Question PC won't turn on (completly dead) HELP!

meyer_fede

Commendable
Feb 9, 2019
5
0
1,510
I have a 6 year old Thermaltake Smart m Series 1000w PSU (5 years warranty), recently I upgraded from a GTX 1060 to an RTX 3080, first day I just installed the GPU and had no problems at all, it ran smoothly the whole day, I turned off my PC to go to bed and the next day this happens...

I press the power button and I watched the PC turn on for a split second and turn off immediately, after this the PC won't turn on anymore, not even for a split second like the first time, I mean there are no signs of life, no LEDS, fans not spinning, just lifeless. I quickly assumed that my current 1000w PSU which I was gonna swap for a 850w PSU in a few days died. So I ran to the store and bought a new PSU (I assume it's not DOA, can't be that unlucky) and installed it, made sure everything is connected and seated properly and press the power button.
Nothing happens, same as before, no power, no LEDS or fans spinning, just nothing.

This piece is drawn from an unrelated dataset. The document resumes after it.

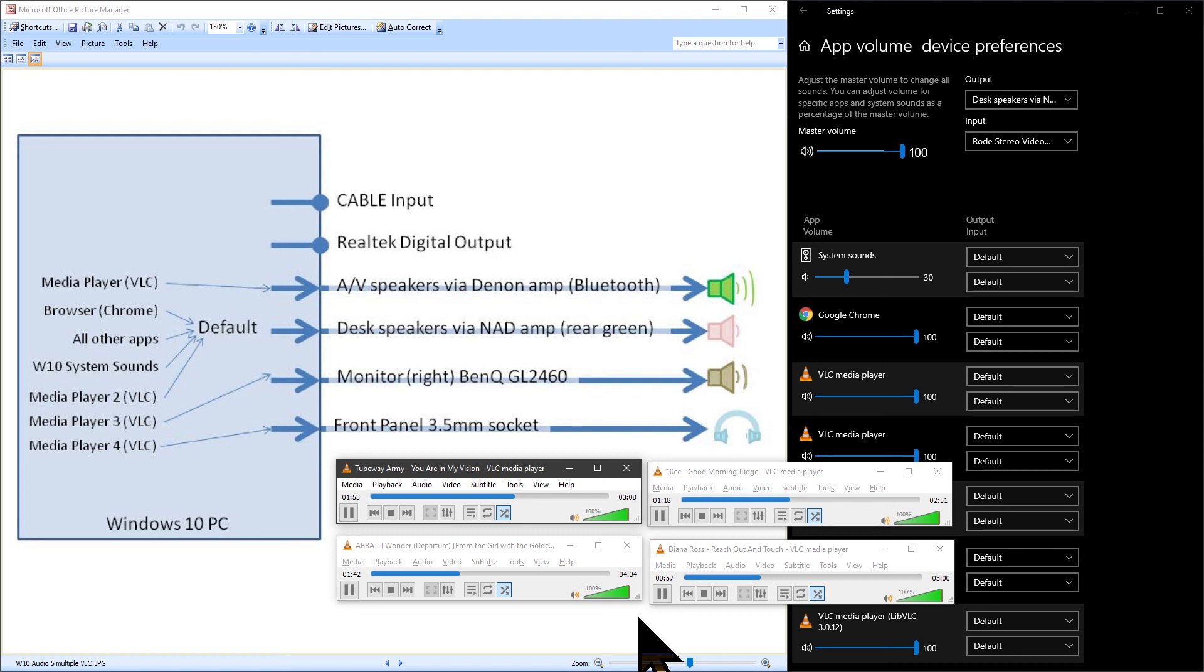This video has shown you how to control which audio output each app uses either from within Windows 10 settings or if the app supports it from within the app.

Funny thing is my 1000w PSU which I assumed dead passed the paper clip test.
I also tried forcing the motherboard to turn on by using a screw driver and touch the power switch pins but nothing happened still. Did my motherboard just die? Did my PSU fry the motherboard because of the sudden power draw of the 3080? I mean it was a year past its warranty already. Maybe the CPU is dead? What's most likely to be broken, I really need answers here.
Also how likely it is that my M.2 drive, SSD and HDD also died? kinda worried about all the things I have to replace if the PSU decided to destroy everything.

Gigabyte Z390 UD
i7 8700
Former GPU: GTX 1060 3gb
New GPU: RTX 3080
2 sticks of 8gb RAM Corsair Vengeance DDR4 lpx 3000Mhz
Former PSU: Thermaltake Smart m Series 1000w 80 Plus Bronze
New PSU: Coolermaster MWE 750w 80 Bronze Plus (they didn't have an 850w PSU)
NZXT Kraken x52
Samsung 970 EVO Plus M.2 NVMe
Crucial MX500 250gb
1TB HDD
 

AdamG

Distinguished
Dec 21, 2013
85
11
18,545
I have a 6 year old Thermaltake Smart m Series 1000w PSU (5 years warranty), recently I upgraded from a GTX 1060 to an RTX 3080, first day I just installed the GPU and had no problems at all, it ran smoothly the whole day, I turned off my PC to go to bed and the next day this happens...

I press the power button and I watched the PC turn on for a split second and turn off immediately, after this the PC won't turn on anymore, not even for a split second like the first time, I mean there are no signs of life, no LEDS, fans not spinning, just lifeless. I quickly assumed that my current 1000w PSU which I was gonna swap for a 850w PSU in a few days died. So I ran to the store and bought a new PSU (I assume it's not DOA, can't be that unlucky) and installed it, made sure everything is connected and seated properly and press the power button.
Nothing happens, same as before, no power, no LEDS or fans spinning, just nothing.

Funny thing is my 1000w PSU which I assumed dead passed the paper clip test.
I also tried forcing the motherboard to turn on by using a screw driver and touch the power switch pins but nothing happened still. Did my motherboard just die? Did my PSU fry the motherboard because of the sudden power draw of the 3080? I mean it was a year past its warranty already. Maybe the CPU is dead? What's most likely to be broken, I really need answers here.
Also how likely it is that my M.2 drive, SSD and HDD also died? kinda worried about all the things I have to replace if the PSU decided to destroy everything.

Gigabyte Z390 UD
i7 8700
Former GPU: GTX 1060 3gb
New GPU: RTX 3080
2 sticks of 8gb RAM Corsair Vengeance DDR4 lpx 3000Mhz
Former PSU: Thermaltake Smart m Series 1000w 80 Plus Bronze
New PSU: Coolermaster MWE 750w 80 Bronze Plus (they didn't have an 850w PSU)
NZXT Kraken x52
Samsung 970 EVO Plus M.2 NVMe
Crucial MX500 250gb
1TB HDD

Did you try removing the gpu/ram to see if it changes anything at all? Sounds like a dead mobo imo, possible the cpu could have went but you won't know until you get a replacement motherboard.